Essa ha lo scopo di realizzare,
pur in mancanza di una clausola risolutiva espressa, gli effetti che si
ricollegano alla detta clausola e, cioè, la rapida risoluzione del rapporto
mediante la fissazione di un termine che ha carattere essenziale nell’interesse
della parte adempiente, alla quale è rimessa la valutazione della convenienza
di farne valere la decorrenza.
La risoluzione si produce di
diritto indipendentemente dalla volontà dell’intimato, rimanendo nella
disponibilità dell’intimante che può successivamente rinunciare ad avvalersene.
Parallelamente si è considerato
che la diffida ad adempiere è un negozio giuridico,
sicché non può produrre effetti contro ed oltre la volontà del suo autore che
può sempre decidere di non fare valere la risoluzione già verificatasi.
Se ne è fatta derivare la
necessità della domanda dell’intimante perché il giudice possa dichiarare la
risoluzione e la conferma che lo stesso intimante invece di avvalersi
dell’effetto risolutorio può ricorrere ad altri mezzi di tutela.

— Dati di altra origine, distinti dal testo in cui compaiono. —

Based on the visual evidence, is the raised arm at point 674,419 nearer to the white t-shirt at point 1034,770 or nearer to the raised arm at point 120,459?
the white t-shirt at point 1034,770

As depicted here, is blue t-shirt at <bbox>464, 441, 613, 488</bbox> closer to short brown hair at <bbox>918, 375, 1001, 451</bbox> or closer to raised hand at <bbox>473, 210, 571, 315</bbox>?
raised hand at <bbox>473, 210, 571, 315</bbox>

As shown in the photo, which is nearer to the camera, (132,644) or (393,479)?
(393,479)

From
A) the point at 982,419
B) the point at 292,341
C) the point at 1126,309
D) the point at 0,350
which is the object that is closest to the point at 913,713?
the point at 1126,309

6.2. La dottrina è fortemente critica; si afferma con chiarezza che nella
diffida ad adempiere l’effetto risolutorio non è nella disponibilità
dell’intimante che dopo avere azionato il meccanismo risolutorio non può più
rinunciarvi.
Si osserva che,
se il contratto è risolto, il creditore ed il debitore sono liberati
dall’obbligazione non ancora adempiuta o sono creditori della restituzione se
hanno in tutto o in parte adempiuto; ritenere diversamente significa
considerare la risoluzione di diritto come un vantaggio unilaterale del
creditore, da lui liberamente disponibile; essa, invece, non costituisce un
privilegio per il contraente non inadempiente e rappresenta un’alternativa alla
risoluzione giudiziale senza privare la parte inadempiente delle garanzie
accordate dal processo.
In definitiva la diffida ad adempiere si configura come negozio giuridico unilaterale
recettizio con il quale il diffidante manifesta la volontà di risolvere il
contratto con l’esercizio irrevocabile della facoltà di scelta tra risoluzione
ed adempimento e con la consapevolezza di non potere impedire la risoluzione
dal momento in cui la diffida giunge a conoscenza del diffidato.

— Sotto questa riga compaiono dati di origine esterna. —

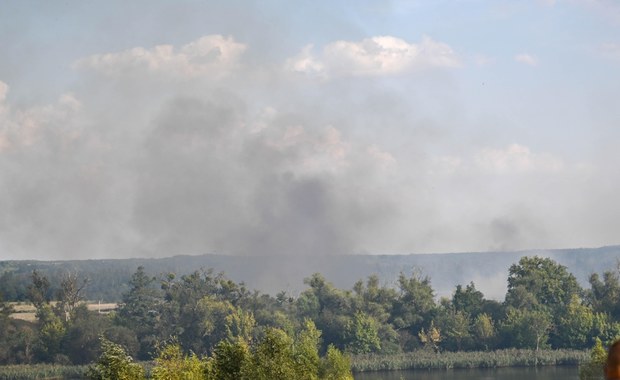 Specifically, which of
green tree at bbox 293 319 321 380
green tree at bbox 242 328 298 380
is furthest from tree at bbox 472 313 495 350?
green tree at bbox 242 328 298 380

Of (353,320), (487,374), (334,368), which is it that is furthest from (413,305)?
(334,368)

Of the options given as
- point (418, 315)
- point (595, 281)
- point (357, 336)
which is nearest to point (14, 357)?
point (357, 336)

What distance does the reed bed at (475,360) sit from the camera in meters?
121

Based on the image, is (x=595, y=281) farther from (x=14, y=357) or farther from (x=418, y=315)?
(x=14, y=357)

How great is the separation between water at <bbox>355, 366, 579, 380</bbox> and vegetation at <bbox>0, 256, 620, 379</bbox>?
4.84 m

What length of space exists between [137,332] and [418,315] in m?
42.2

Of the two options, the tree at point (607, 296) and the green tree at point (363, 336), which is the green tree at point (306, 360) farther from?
the tree at point (607, 296)

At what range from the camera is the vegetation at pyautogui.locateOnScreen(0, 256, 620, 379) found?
5103 inches

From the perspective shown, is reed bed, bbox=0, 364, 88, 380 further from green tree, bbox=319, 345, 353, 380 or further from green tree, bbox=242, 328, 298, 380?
green tree, bbox=242, 328, 298, 380

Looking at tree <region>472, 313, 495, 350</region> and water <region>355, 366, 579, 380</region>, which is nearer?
water <region>355, 366, 579, 380</region>

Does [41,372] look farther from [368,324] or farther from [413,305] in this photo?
[413,305]

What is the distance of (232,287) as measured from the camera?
153 meters

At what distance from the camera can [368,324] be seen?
134250mm

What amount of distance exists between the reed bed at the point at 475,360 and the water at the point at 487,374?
3386 mm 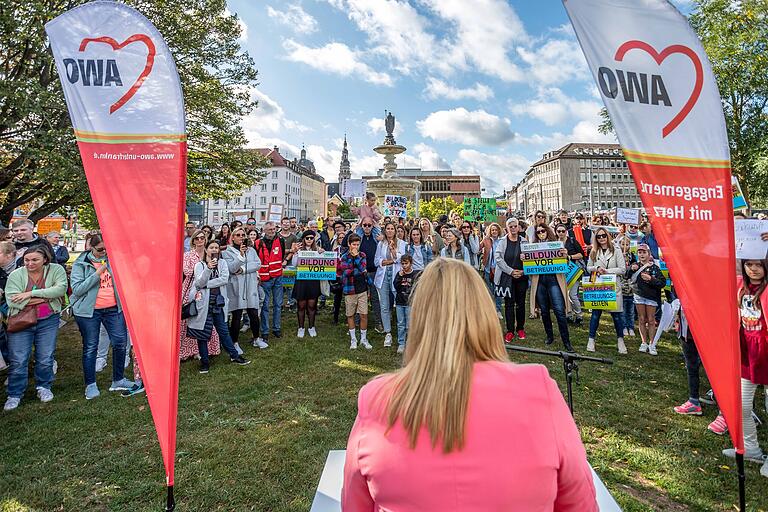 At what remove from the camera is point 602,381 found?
5.86 m

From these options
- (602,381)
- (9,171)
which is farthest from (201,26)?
(602,381)

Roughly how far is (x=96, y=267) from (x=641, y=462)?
715 cm

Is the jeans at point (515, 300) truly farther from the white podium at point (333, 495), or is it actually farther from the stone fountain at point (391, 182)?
the stone fountain at point (391, 182)

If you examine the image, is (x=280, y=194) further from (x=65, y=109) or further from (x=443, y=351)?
(x=443, y=351)

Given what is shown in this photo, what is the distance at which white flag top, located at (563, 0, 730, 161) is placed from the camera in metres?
2.84

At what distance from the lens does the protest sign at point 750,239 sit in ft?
17.6

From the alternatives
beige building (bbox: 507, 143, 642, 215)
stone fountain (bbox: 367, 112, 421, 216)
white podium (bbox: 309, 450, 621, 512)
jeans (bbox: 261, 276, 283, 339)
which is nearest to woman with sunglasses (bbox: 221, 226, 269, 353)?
jeans (bbox: 261, 276, 283, 339)

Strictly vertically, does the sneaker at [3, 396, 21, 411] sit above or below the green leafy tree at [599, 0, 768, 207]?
below

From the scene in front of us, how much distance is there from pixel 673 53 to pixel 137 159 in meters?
3.84

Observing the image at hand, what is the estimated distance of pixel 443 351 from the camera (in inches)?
52.9

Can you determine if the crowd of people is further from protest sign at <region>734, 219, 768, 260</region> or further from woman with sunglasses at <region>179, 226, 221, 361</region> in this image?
protest sign at <region>734, 219, 768, 260</region>


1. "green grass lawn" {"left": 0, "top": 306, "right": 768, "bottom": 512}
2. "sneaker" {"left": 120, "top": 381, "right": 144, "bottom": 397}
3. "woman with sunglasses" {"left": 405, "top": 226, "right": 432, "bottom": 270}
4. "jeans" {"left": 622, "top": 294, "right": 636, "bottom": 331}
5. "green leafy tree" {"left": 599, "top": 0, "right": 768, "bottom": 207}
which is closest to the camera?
"green grass lawn" {"left": 0, "top": 306, "right": 768, "bottom": 512}

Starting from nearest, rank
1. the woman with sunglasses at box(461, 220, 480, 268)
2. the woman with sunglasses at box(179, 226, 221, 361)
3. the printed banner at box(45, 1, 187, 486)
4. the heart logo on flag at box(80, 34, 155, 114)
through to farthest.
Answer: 1. the printed banner at box(45, 1, 187, 486)
2. the heart logo on flag at box(80, 34, 155, 114)
3. the woman with sunglasses at box(179, 226, 221, 361)
4. the woman with sunglasses at box(461, 220, 480, 268)

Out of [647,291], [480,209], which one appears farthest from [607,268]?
[480,209] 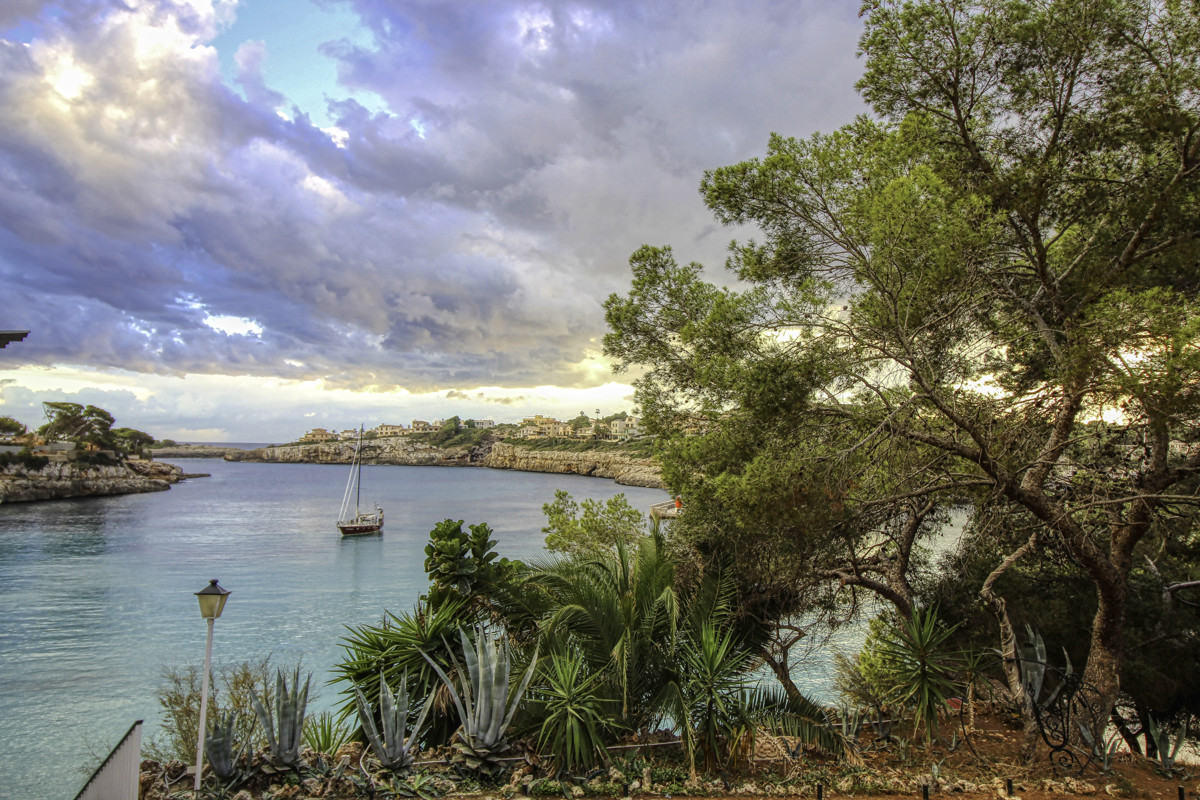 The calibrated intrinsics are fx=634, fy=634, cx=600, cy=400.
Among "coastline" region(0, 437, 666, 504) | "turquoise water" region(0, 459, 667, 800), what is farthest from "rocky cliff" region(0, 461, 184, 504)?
"turquoise water" region(0, 459, 667, 800)

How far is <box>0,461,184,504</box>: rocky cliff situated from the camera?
189ft

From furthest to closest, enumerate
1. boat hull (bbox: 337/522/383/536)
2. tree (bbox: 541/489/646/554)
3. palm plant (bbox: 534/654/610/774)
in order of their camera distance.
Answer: boat hull (bbox: 337/522/383/536), tree (bbox: 541/489/646/554), palm plant (bbox: 534/654/610/774)

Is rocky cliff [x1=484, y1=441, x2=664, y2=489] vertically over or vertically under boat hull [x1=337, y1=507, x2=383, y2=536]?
over

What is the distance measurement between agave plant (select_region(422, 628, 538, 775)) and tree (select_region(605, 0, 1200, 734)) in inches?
113

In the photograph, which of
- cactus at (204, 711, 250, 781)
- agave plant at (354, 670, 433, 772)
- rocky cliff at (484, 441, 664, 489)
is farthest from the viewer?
rocky cliff at (484, 441, 664, 489)

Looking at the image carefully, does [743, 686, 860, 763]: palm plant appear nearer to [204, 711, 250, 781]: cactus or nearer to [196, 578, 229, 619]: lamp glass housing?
[204, 711, 250, 781]: cactus

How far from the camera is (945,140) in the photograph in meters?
6.79

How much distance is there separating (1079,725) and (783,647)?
9.33ft

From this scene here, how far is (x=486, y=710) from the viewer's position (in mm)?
5609

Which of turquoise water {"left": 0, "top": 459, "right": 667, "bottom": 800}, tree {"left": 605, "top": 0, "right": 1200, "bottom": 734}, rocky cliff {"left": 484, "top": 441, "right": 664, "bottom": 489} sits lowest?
turquoise water {"left": 0, "top": 459, "right": 667, "bottom": 800}

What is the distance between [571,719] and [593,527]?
197 inches

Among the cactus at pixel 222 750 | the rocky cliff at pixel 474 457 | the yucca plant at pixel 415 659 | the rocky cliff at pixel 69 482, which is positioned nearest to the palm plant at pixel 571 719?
the yucca plant at pixel 415 659

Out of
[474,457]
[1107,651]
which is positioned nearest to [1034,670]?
[1107,651]

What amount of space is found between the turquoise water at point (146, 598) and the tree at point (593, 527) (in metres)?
6.73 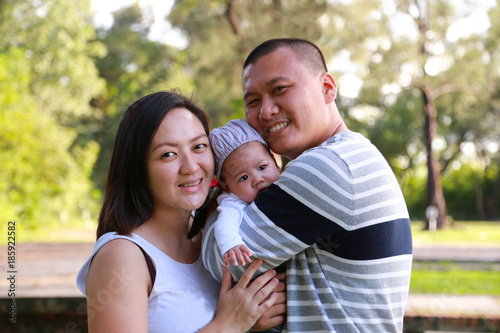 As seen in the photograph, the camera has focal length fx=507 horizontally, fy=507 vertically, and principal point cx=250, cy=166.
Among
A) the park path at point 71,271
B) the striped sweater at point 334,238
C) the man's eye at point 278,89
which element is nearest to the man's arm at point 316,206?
the striped sweater at point 334,238

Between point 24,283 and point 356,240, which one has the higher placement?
point 356,240

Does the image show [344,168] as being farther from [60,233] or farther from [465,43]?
[465,43]

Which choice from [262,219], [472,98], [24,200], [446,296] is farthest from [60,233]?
[262,219]

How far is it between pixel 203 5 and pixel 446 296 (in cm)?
753

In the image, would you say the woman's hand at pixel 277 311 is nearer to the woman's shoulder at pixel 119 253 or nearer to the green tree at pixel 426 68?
the woman's shoulder at pixel 119 253

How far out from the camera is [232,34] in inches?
412

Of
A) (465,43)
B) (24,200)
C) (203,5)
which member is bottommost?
(24,200)

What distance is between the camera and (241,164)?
207cm

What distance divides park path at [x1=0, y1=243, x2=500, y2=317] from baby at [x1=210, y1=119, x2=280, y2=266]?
2.78m

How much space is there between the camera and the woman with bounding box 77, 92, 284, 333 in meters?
1.73

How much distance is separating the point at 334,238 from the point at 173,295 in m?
0.63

Si tutelano così l’interesse
dell’inadempiente a non rimanere indefinitamente esposto all’arbitrio della
parte adempiente e quello generale che siano rimesse nella circolazione
economica le risorse coinvolte nella vicenda contrattuale.

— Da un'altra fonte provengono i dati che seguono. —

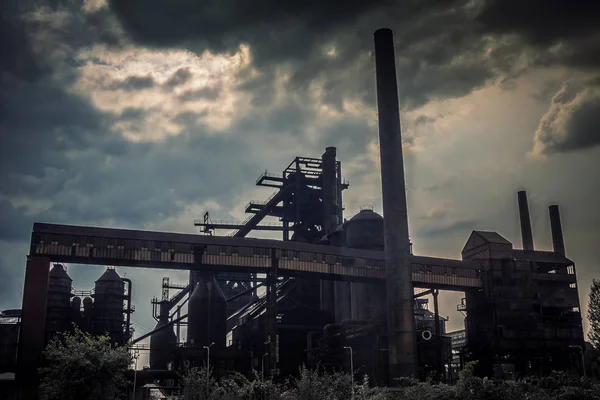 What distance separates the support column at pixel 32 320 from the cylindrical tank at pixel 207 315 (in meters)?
14.7

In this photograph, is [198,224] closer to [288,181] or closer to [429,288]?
[288,181]

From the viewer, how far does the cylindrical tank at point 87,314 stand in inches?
1983

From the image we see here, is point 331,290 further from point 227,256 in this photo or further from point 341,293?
point 227,256

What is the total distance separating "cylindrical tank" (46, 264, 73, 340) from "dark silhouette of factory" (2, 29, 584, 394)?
97mm

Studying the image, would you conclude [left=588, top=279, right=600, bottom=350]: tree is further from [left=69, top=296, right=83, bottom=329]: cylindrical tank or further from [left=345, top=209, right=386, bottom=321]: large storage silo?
[left=69, top=296, right=83, bottom=329]: cylindrical tank

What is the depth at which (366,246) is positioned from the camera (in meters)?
53.0

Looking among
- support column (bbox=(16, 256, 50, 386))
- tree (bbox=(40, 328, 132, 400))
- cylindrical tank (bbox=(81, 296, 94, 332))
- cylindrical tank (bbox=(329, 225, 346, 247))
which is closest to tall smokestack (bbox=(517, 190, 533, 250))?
cylindrical tank (bbox=(329, 225, 346, 247))

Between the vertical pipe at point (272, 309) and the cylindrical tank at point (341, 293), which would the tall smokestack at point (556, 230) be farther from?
the vertical pipe at point (272, 309)

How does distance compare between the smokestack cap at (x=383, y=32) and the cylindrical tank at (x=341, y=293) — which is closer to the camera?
the smokestack cap at (x=383, y=32)

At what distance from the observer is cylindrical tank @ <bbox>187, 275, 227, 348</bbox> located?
168 feet

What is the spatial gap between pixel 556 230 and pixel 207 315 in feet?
137

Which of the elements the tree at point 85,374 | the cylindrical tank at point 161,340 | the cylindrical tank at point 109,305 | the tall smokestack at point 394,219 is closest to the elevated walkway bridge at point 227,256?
the tall smokestack at point 394,219

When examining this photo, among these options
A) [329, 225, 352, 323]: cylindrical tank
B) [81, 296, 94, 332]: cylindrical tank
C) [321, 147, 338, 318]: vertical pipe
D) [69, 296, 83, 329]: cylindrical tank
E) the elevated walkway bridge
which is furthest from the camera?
[321, 147, 338, 318]: vertical pipe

6.3. Pur nella consapevolezza del
valore dei rilievi critici della dottrina sembra di dovere confermare
l’orientamento fin qui seguito considerato che rinunciare all’effetto
risolutorio già verificatosi per avvalersi di altri mezzi di tutela rientra
nell’ambito delle facoltà connesse all’esercizio dell’autonomia privata al pari
della rinuncia al potere di ricorrere al congegno risolutorio predisposto
dall’art. 1454 c.c.
6.4. La sentenza impugnata non è
in linea con l’orientamento qui condiviso e va, perciò, cassata “in parte qua”
con rinvio ad altra sezione della corte di appello di Firenze perché vi si
adegui, provvedendo altresì a regolamentare le spese del giudizio di
cassazione.
7. Rimangono assorbiti gli altri
motivi del ricorso principale e l’unico motivo del ricorso incidentale del
Manetti.
PQM
La Corte riunisce i ricorsi; accoglie il secondo motivo del ricorso del
Boni ed il ricorso del Lancellotti; dichiara assorbiti gli altri motivi del
ricorso del Boni ed il ricorso del Manetti; cassa in relazione e rinvia anche
per le spese ad altra sezione della corte di appello di Firenze.